Of course, times like these breed conspiracies, and that may well not be the whole story: another version of events doing the rounds within Merrill is that the bank had put a shortlist together of people to be made Asian investment banking head post-merger and that Chunilal left of his own volition after becoming aware he would not get the job. There are others in Merrill who are relieved that Forbes is at least a Merrill man and not a Bank of America one. The rumour mill is a vibrant and bitter thing at the best of times but particularly when jobs are on the line.
More than anything, though, bankers talk with a sense of disbelief about their own personal circumstances. A year ago they seemed bullet-proof: providing their families with an opulence in their standard of living that they themselves could never have hoped for as children; invested in multiple assets and markets, all doing well; their futures provided for.

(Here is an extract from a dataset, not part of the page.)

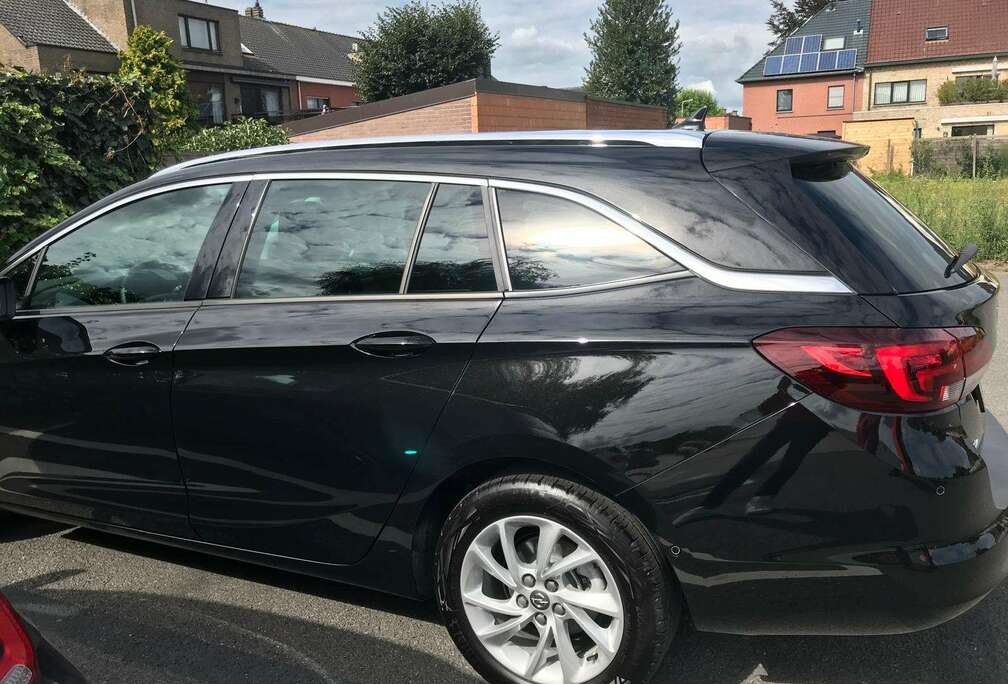 Opel Astra Sports Tourer 1.2 Turbo Elegance S/S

Now the stocks have halved, the properties have plunged and become hopelessly illiquid, the options are useless, the banks are calling for extra cash as loan to value ratios have shifted, and with every round of job cuts they’re having to think about things they’d never contemplated before: pulling the kids of out the expensive schools, relocating back home, looking for jobs when there aren’t any. The rest of the world enjoys a certain schadenfraude at the fall from grace of the banker, but from the inside, it’s no fun at all.
“People are stunned more than anything else,” says a headhunter. “And they are fearful.”